:: Goal of the exercise ::
For the listing that follows, give again exactly the lines from the one with "Вітрина низька у" to the one with "Halloween Spinnennetz Quadratischer", including both.

# # # # #

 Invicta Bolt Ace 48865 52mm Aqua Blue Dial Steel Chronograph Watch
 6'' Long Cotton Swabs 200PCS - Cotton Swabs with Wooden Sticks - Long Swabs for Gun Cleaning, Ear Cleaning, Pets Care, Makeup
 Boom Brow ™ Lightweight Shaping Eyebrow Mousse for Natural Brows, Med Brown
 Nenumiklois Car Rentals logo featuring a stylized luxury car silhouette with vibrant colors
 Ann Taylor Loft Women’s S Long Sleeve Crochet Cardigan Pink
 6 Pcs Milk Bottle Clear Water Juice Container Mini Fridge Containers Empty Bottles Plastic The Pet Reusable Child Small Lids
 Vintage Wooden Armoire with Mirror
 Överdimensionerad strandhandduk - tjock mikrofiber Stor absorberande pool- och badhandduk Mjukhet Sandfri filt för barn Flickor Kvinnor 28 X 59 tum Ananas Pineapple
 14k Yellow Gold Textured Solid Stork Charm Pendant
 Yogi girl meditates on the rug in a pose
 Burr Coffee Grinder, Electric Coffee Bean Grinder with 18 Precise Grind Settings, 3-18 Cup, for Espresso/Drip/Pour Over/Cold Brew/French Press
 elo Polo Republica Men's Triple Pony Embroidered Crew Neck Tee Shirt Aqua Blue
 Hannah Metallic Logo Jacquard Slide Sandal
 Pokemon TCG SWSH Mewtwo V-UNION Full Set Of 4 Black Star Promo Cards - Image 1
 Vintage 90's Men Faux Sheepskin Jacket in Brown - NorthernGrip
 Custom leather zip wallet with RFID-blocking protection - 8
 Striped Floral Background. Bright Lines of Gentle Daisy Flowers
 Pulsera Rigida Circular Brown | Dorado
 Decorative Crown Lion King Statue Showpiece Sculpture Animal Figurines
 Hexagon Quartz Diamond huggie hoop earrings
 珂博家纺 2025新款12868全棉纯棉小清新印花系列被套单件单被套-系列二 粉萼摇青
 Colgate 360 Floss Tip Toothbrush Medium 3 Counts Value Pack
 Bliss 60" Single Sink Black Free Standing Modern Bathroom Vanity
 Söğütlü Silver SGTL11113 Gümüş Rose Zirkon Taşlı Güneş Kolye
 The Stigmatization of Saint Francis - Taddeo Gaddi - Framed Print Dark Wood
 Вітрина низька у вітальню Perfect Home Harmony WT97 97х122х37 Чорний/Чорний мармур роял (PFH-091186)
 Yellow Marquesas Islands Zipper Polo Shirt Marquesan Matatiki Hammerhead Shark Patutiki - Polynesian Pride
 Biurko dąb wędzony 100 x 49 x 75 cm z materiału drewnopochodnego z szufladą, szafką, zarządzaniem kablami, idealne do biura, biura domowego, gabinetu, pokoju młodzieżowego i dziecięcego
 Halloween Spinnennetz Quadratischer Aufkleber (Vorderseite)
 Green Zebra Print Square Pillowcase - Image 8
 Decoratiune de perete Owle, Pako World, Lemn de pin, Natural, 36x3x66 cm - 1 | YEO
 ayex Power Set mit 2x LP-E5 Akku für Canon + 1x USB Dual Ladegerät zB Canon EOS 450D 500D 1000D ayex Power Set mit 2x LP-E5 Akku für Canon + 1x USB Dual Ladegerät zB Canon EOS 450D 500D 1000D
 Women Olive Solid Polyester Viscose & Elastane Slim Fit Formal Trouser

# # # # #

:: The answer ::
 Вітрина низька у вітальню Perfect Home Harmony WT97 97х122х37 Чорний/Чорний мармур роял (PFH-091186)
 Yellow Marquesas Islands Zipper Polo Shirt Marquesan Matatiki Hammerhead Shark Patutiki - Polynesian Pride
 Biurko dąb wędzony 100 x 49 x 75 cm z materiału drewnopochodnego z szufladą, szafką, zarządzaniem kablami, idealne do biura, biura domowego, gabinetu, pokoju młodzieżowego i dziecięcego
 Halloween Spinnennetz Quadratischer Aufkleber (Vorderseite)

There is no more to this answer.